Einmal, und das ist nur eine von vielen wunderbaren Stellen, erinnert sich Hennetmair daran, wie sie vor dem Fernseher saßen und die Meldung kam, dass der österreichische Schriftsteller Heimito von Doderer gestorben sei. "Wie elektrisiert sprang Thomas vom Sessel, klatschte in die Hände und rief erfreut: Der Doderer ist gestorben. Auf meine Frage, warum ihn das so freue, sagte er: Doderer war doch in Österreich das Renommierpferd, und solange der lebte, konnte kein anderer was werden, es konnte keiner hochkommen. Jetzt ist die Bahn frei, jetzt komme ich. Aber so wie den Doderer werden sie mich nicht bekommen. So einen Doderer werde ich ihnen nicht spielen, denn wenn man sich zu allen offiziellen Anlässen sehen läßt, wird man verschlissen, abgelenkt und irritiert."

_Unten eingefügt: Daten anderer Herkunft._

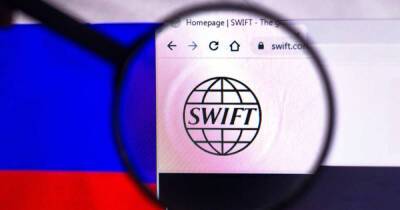 Отключение от SWIFT сочли ключом к дедолларизации России и Китая - ren.tv - Москва - Россия - Китай - США - Италия - Пекин - county Swift - Запад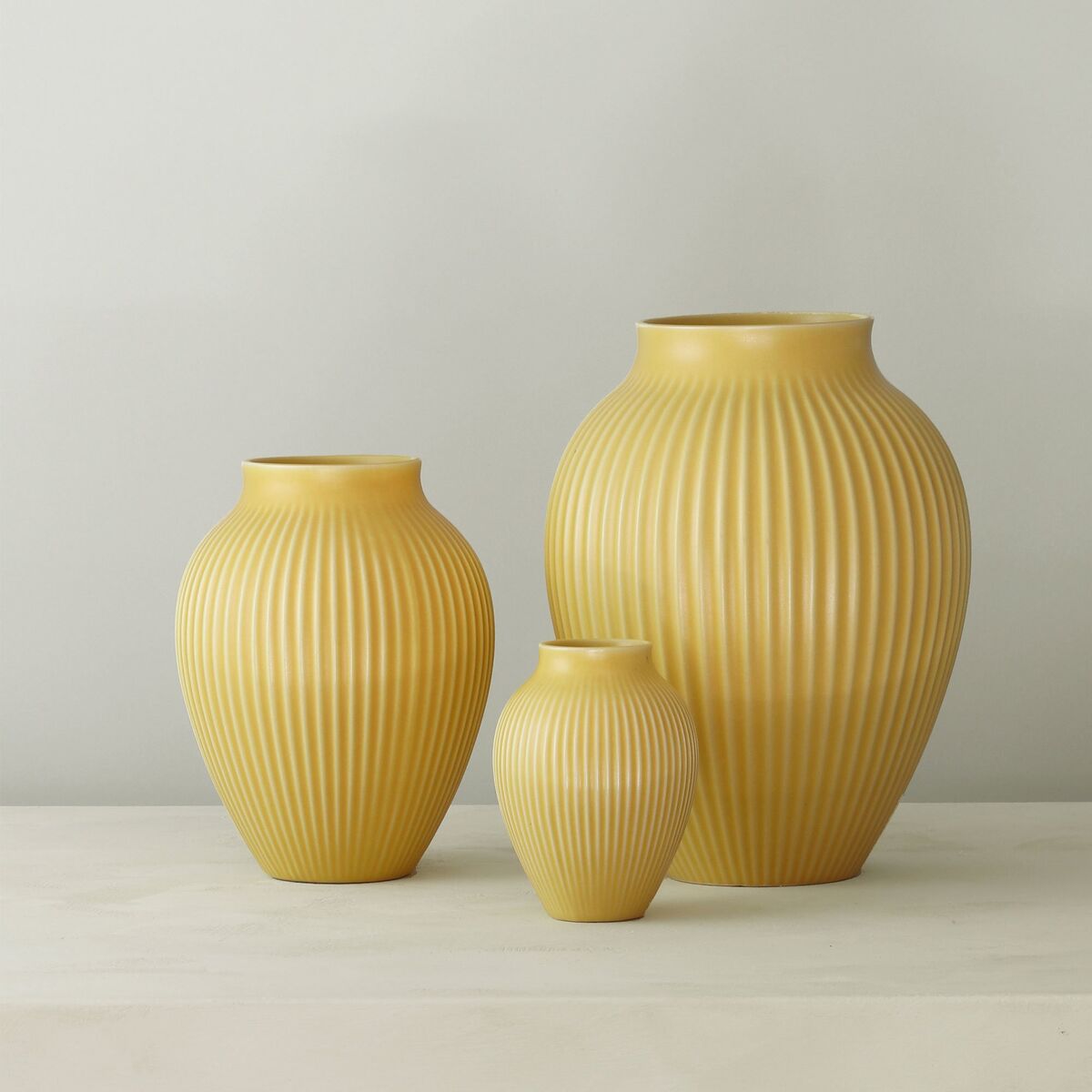 Vase 27 cm, gul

Um das Werk Bernhards geht es hier auch, aber nicht im philologischen Ernst. Etwa erfährt man, wie Bernhard zu seinen Stoffen gekommen ist: Auf dem Weg zwischen Bad und Küche nämlich ereilte ihn die Idee für seinen neuen Roman. Man kann haargenau die Entwicklung des Skandals um sein Stück "Der Ignorant und der Wahnsinnige" bei den Salzburger Festspielen 1972 mitverfolgen. Aber analysiert werden die Texte nicht. Dass er der größte Dichter auf Gottes Erdboden sei, das ist Hennetmair und Bernhard ohnehin klar.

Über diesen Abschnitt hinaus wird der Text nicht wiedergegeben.